* Exercise instructions *
Extract the final stretch of the data: the line that contains "快速東小金井行きと快速三鷹行き" and every line after it, unaltered, and no other lines.

(Web page caption snippets)
•••

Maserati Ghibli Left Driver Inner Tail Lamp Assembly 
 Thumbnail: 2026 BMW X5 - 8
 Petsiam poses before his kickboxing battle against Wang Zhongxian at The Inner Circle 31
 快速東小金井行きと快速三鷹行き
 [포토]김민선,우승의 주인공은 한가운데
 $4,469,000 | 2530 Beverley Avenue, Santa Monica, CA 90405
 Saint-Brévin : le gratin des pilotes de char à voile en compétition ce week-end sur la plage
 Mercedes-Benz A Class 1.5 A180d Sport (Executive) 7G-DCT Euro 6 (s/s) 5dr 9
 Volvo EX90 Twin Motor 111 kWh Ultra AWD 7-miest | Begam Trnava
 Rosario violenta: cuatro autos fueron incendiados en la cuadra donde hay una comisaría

•••

* Exercise answer *
 快速東小金井行きと快速三鷹行き
 [포토]김민선,우승의 주인공은 한가운데
 $4,469,000 | 2530 Beverley Avenue, Santa Monica, CA 90405
 Saint-Brévin : le gratin des pilotes de char à voile en compétition ce week-end sur la plage
 Mercedes-Benz A Class 1.5 A180d Sport (Executive) 7G-DCT Euro 6 (s/s) 5dr 9
 Volvo EX90 Twin Motor 111 kWh Ultra AWD 7-miest | Begam Trnava
 Rosario violenta: cuatro autos fueron incendiados en la cuadra donde hay una comisaría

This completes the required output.